Before completely removing the gallbladder from the liver bed, the surgeon can use the gallbladder to retract the liver while inspecting the cystic artery and duct stumps for any signs of bleeding or bile leakage. Any bleeding from the liver bed should also be controlled at this time.

After removal of the gallbladder, the camera is placed through the epigastric port. A retrieval bag is placed through the umbilical port (Figure 41-7). Removal with a retrieval bag is recommended especially if there is spillage of bile or gallstones.

The gallbladder is placed in the retrieval bag (see Figure 41-7) and removed through the umbilical port. The camera can then be replaced and the camera returned to the umbilical port.

The patient is returned to a flat, supine position.

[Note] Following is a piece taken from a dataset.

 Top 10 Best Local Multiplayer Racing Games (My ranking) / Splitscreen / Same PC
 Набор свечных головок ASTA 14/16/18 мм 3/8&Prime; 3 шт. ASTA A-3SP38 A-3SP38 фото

The field is then irrigated to ensure no bleeding or bile leakage.

3. CLOSING

The ports are removed under direct vision to make sure there is no bleeding from the port sites.

The fascia at the two 11-mm ports is usually closed with interrupted 0 Vicryl suture, which can be placed using conventional methods or the laparoscopic suture passer. The fascia

at the 5-mm ports does not require closure.

The skin is then closed with absorbable subcuticular sutures.